Con posterioridad descubrí que Boccaccio había regalado a Petrarca un Comentario a los Salmos de san Agustín, y que el poeta del Cancionero (y de algunos Salmos Penitenciales) quería que aquel libro estuviese «de día... siempre entre las manos y de noche y en la hora de la muerte bajo la cabeza». El mismo Nietzsche decía que nada era comparable en toda la historia literaria a esa poesía de judíos. Sobre la obra y la figura de David ha trabajado y trabaja una infinita escuadra de poetas, pintores, novelistas y músicos.
Amor y pecado
Pero la poesía, incluso la poesía potente de Dante, es tan sólo un bosquejo, una introducción a la realidad.
David, rey y poeta, aparece en el horizonte humano e histórico de la Biblia como un gigante de humanidad. No es casualidad que san Ambrosio, autor de una espléndida Apologia prophetae Davide, para comentar en qué consiste el pecado, asemeje la reflexión en torno a san Pedro y al momento en el que Jesús le pregunta si le ama a la contrición de David homicida y adúltero. «Un gran amor - escribe Ambrosio - perdona el pecado». Ambrosio, además, “usa” a David y sus historias (también sus culpas) como figuras e interpretaciones del misterio de la Encarnación, contra las herejías de los arrianos en aquel momento. Las palabras del salmo 50, Miserere mei, han entrado no sólo en el Purgatorio de Dante, sino en el sentimiento de piedad hacia sí mismo en el que todo cristiano es educado a descubrir en la liturgia. El número 50, según
dicen los exegetas, fue asignado a ese salmo porque es el número del perdón: es el número que aparece en la parábola evangélica de los dos deudores y son los años que separan entre sí los jubileos de misericordia.

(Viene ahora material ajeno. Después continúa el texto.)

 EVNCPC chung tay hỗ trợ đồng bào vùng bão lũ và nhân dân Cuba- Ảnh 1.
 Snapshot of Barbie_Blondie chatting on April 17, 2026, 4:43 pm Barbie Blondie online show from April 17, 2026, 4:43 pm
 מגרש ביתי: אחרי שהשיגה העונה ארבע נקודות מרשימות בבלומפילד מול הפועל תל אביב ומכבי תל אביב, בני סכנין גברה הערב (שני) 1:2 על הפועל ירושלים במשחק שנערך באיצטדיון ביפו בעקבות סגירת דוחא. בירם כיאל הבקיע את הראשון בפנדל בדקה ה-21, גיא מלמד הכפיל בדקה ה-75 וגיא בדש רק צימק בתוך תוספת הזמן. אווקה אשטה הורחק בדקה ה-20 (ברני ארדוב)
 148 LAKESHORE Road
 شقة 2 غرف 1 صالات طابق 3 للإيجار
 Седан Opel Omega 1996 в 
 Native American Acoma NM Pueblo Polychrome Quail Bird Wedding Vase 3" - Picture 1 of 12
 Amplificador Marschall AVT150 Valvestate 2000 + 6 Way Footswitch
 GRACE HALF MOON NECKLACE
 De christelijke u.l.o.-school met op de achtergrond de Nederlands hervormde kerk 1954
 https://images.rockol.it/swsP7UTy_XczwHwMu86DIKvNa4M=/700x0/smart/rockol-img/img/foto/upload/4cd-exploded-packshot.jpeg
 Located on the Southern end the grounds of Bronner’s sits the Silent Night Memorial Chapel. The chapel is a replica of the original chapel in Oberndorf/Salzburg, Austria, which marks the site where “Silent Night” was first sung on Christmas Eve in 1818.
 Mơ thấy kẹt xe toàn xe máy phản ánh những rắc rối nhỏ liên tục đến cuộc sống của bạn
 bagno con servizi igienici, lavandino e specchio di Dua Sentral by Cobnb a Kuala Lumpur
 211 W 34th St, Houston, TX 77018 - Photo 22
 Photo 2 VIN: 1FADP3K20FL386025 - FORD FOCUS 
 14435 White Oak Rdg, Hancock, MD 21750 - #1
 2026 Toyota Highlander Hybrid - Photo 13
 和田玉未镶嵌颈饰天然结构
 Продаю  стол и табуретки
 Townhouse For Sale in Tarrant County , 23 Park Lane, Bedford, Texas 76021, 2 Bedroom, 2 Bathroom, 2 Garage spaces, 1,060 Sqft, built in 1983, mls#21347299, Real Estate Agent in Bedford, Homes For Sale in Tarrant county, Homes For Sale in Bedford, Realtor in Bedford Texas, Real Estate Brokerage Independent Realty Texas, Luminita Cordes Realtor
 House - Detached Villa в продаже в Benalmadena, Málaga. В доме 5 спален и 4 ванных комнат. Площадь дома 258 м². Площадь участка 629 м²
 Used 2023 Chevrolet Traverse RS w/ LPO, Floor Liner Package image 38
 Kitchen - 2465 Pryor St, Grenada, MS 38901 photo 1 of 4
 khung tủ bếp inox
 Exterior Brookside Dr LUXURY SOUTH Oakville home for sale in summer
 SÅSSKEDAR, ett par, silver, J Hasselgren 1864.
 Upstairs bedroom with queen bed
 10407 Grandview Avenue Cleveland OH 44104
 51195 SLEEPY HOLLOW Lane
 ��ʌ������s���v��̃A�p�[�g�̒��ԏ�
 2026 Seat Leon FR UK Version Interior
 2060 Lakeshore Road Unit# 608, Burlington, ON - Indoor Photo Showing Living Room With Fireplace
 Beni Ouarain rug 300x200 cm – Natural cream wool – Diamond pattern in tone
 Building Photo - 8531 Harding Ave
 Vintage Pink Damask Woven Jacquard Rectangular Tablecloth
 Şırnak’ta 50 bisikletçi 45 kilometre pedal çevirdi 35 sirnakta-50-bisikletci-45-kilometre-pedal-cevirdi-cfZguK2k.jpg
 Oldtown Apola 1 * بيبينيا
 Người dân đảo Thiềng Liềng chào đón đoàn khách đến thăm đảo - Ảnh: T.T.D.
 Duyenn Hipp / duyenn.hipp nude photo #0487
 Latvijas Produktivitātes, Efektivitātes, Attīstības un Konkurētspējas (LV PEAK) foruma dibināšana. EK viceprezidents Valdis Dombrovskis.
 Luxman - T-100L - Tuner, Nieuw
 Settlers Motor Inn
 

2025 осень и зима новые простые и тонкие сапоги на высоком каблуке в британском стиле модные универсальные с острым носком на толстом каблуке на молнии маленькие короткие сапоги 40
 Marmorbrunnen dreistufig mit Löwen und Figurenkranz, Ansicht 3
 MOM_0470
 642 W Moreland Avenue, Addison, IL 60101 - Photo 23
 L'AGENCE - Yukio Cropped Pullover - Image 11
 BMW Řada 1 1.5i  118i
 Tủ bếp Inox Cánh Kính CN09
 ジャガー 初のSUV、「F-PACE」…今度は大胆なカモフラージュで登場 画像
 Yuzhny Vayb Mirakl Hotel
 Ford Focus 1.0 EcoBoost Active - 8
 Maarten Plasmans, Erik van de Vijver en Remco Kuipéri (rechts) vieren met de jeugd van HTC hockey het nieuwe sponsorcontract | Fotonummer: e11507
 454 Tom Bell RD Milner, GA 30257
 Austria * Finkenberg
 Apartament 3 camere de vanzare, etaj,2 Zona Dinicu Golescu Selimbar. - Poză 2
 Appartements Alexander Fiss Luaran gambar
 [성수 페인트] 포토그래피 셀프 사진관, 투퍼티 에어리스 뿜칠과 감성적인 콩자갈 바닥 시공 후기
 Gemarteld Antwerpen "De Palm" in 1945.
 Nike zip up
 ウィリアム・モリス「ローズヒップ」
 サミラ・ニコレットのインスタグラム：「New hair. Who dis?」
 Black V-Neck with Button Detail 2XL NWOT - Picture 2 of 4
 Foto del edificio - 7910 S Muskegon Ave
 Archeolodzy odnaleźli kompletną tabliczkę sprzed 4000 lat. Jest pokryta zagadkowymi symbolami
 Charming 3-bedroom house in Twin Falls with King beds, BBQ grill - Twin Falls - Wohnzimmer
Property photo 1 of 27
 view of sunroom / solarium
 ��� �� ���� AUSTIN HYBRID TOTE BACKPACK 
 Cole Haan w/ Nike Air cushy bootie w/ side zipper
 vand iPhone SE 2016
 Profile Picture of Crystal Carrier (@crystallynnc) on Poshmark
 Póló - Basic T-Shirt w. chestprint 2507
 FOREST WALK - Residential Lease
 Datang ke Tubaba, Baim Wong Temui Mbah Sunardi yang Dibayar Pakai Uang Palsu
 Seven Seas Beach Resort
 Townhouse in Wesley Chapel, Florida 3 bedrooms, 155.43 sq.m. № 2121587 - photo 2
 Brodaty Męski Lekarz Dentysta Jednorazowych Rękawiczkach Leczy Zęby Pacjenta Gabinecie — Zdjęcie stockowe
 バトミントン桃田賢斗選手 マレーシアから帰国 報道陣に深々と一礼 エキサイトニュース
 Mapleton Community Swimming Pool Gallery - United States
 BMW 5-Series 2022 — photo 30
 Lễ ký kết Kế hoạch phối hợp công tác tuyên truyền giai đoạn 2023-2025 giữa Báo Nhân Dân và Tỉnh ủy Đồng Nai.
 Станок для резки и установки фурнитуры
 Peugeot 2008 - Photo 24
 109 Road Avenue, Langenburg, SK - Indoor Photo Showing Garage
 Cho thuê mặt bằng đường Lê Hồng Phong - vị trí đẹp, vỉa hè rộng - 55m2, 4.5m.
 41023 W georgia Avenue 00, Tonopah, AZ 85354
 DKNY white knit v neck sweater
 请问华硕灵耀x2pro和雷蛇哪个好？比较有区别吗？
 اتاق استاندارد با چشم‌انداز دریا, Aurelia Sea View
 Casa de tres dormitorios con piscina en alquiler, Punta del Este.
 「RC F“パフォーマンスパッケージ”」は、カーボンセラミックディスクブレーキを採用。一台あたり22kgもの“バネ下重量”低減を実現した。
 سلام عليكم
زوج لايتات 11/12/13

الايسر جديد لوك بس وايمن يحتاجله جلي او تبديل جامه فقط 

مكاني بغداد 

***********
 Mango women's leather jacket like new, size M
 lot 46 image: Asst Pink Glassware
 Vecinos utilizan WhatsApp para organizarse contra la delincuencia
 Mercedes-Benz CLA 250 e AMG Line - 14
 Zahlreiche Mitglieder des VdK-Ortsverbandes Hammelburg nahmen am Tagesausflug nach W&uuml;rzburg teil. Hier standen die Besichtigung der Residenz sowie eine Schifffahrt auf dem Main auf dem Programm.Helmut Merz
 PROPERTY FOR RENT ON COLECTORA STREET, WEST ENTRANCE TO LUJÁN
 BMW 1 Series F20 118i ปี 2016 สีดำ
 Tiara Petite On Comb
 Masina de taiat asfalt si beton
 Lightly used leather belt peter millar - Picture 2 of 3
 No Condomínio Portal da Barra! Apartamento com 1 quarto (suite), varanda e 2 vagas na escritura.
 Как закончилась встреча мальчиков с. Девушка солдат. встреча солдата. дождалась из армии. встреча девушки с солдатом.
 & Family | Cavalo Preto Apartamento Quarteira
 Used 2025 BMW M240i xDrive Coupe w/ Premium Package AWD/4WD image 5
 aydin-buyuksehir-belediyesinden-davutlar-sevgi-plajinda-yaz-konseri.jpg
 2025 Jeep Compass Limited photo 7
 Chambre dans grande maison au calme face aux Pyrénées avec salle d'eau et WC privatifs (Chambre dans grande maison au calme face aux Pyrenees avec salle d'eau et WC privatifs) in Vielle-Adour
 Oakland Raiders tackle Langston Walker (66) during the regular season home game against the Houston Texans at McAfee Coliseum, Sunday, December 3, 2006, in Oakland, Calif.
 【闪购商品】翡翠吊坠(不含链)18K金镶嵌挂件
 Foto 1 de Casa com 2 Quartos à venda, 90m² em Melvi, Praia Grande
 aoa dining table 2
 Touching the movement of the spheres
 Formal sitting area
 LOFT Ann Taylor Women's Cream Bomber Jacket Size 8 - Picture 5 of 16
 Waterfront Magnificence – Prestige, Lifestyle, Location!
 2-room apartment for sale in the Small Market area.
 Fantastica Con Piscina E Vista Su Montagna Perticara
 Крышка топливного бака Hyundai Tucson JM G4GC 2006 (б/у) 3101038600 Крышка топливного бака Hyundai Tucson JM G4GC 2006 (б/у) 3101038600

Sobre David, como sobre cualquier personaje grande, han proliferado leyendas e interpretaciones diversas y fantasiosas: que era una reencarnación de Orfeo, el semidiós de la antigüedad; que no se trataba de un hombre solo, sino de una serie de reyes (David sería equivalente a Zar); que tenía trescientos hijos; Paolo Flores d’Arcais, participante en un reciente congreso sobre la figura de David, le ha tributado un anodino homenaje laico.
Elegido por Dios
La Biblia nos cuenta acerca de este joven de cabello rubio, el pequeño de sus hermanos, que fue identificado por el profeta Samuel. David tiene 14 años y es ungido rey por el profeta en el silencio de los soleados campos de Belén. Nos situamos aproximadamente veinte años antes del 1000 a.C. Esta elección sigue siendo un misterio. Como ha apuntado un agudo novelista biógrafo de David, el joven poeta debe haber madurado en aquellos largos días y noches pasados en las desiertas campiñas con el rebaño su gran relación con Dios, con Aquél cuyos dedos crean el cielo y fijan los astros, con el Dios “pastor”.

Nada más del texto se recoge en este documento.